Connecticut broke ground on CTfastrak and made progress on a new commuter rail line—This year, ConnDOT started construction on a bus rapid transit line between Hartford and New Britain that is already attracting investment to the transit corridor. Plus, the New Haven-Hartford-Springfield commuter rail project cleared its first tier environmental review, got a shot of federal funds and construction is underway.

ConnDOT continued its progress towards being more multi-modal—The first full year of leadership from Commissioner Jim Redeker continued to build upon last year’s progress with the department advancing key transit projects, spearheading transit-oriented development at the Stamford Transportation Center, studying express lane tolling, and implementing the state’s first ever road diet.  It is a dramatic change for a department that for too long was only considered a “roads-only” agency.

NY, NJ, CT kept recreational trails money for bike and pedestrian projects—Under MAP-21, states can opt-out of spending federal Recreational Trails Program funds on bike and pedestrian projects. Yet, all three states in our region opted to use these funds for their intended purpose.  New York is set to receive over $2 million, New Jersey over $1 million, and Connecticut just under $1 million as a result.

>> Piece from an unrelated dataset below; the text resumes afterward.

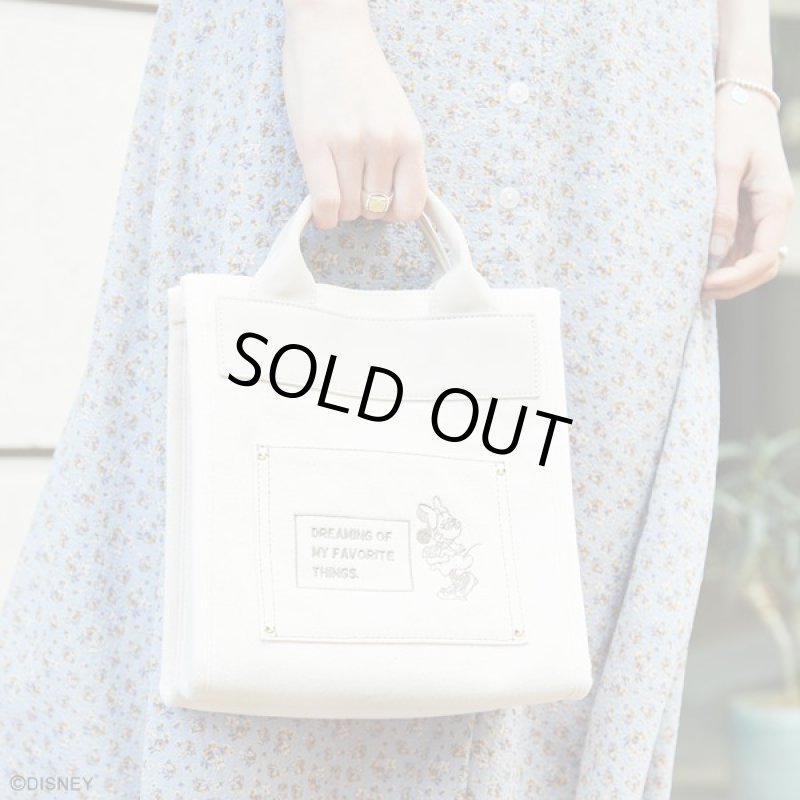 画像8: ディズニーデイトリップキャンパスミニショルダー (8)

New York State didn’t raid MTA funds—As part of a deal to restructure the state’s tax code, Governor Cuomo restructured the payroll mobility tax resulting in a $250M cut to the MTA.  Promising that he would make up the funds “dollar for dollar,” the Governor did indeed fully fill the gap in the 2012 budget.  Given the state’s history of stealing dedicated transit funding, that was no sure thing.

Strong community support for transit on the Tappan Zee Bridge—When a new bridge project without mass transit was announced by New York State in October 2011, the Hudson Valley spoke loudly in support of transit, particularly buses, along the I-287 corridor.  State elected officials, county executives, mayors, environmental groups, labor, good government, transit, bike and pedestrian groups, and residents, pressed the state to address congestion, economic sustainability, and environmental concerns by including transit on the bridge. Unfortunately while the state promised three months ago to create a task force to issue recommendations for transit, the task force has still not been convened.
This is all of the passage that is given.